# TASK BRIEF
Print, exactly and with no pictures, the line containing "Silvia Szymanski Chemische Reinigung" and each line after it to the end of the entries below.

# TASK MATERIAL
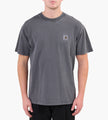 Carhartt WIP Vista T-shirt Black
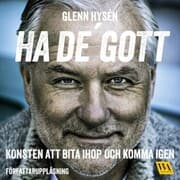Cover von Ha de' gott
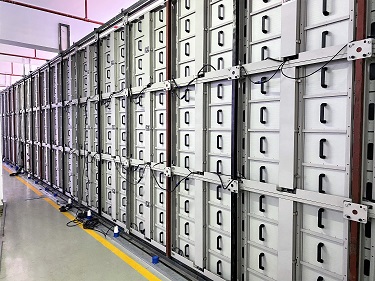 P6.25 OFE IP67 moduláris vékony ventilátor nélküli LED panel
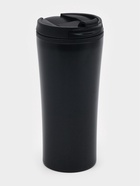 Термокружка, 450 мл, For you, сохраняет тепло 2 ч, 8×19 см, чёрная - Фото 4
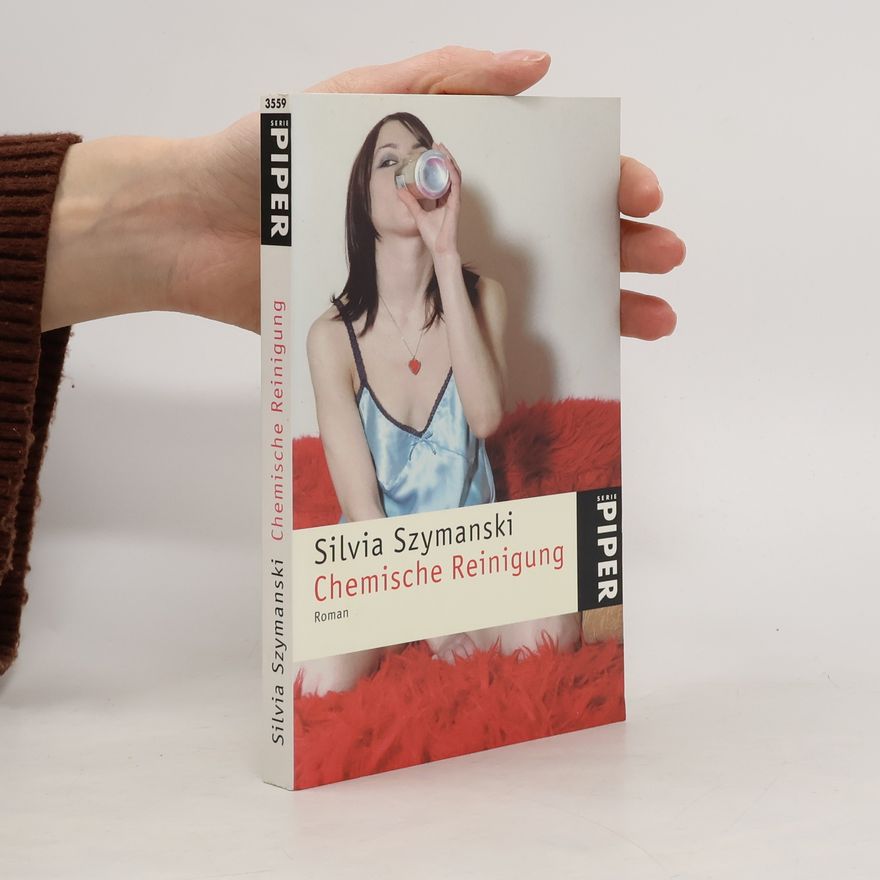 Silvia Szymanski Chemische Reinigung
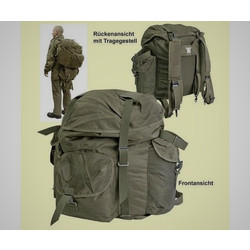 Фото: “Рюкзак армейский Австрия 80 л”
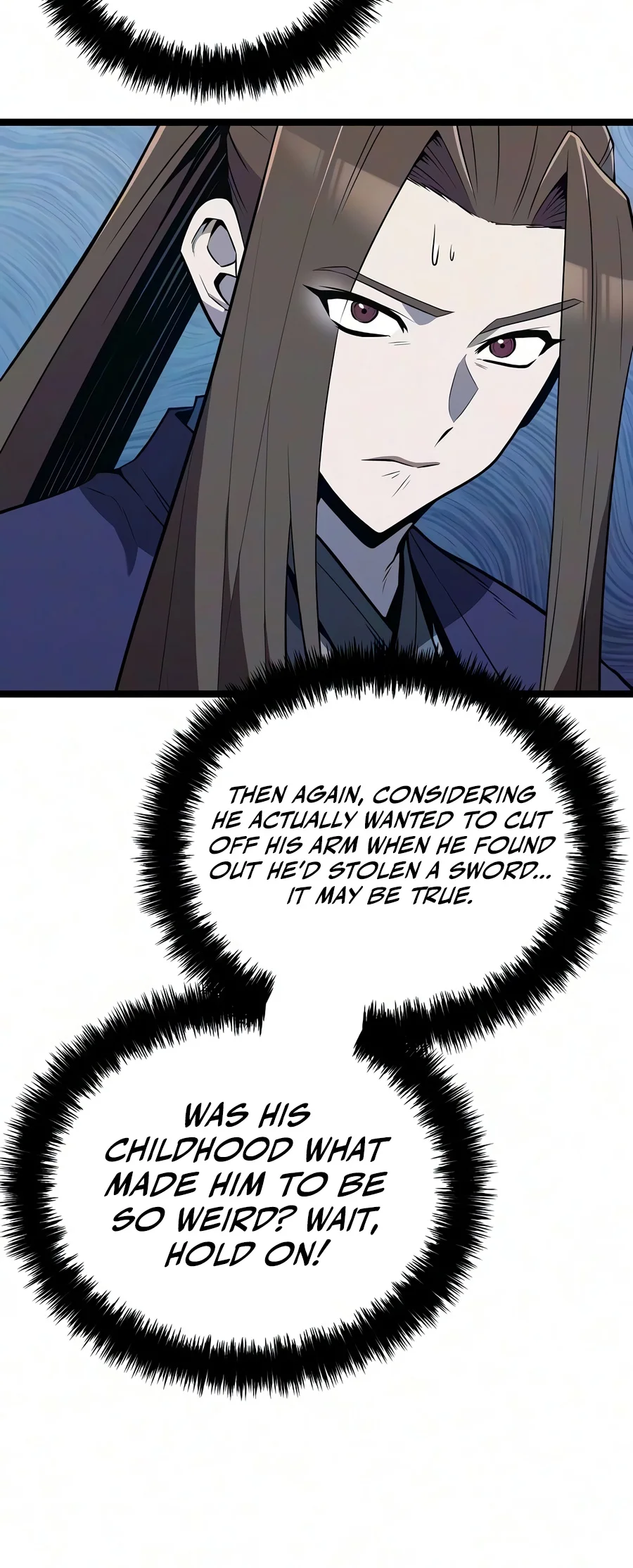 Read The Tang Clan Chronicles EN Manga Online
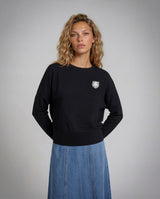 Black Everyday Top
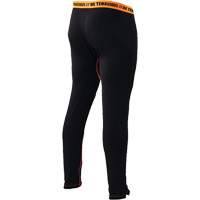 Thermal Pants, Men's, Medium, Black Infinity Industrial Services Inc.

# RESULT OF THE TASK
 Silvia Szymanski Chemische Reinigung
 Фото: “Рюкзак армейский Австрия 80 л”
 Read The Tang Clan Chronicles EN Manga Online
 Black Everyday Top
 Thermal Pants, Men's, Medium, Black Infinity Industrial Services Inc.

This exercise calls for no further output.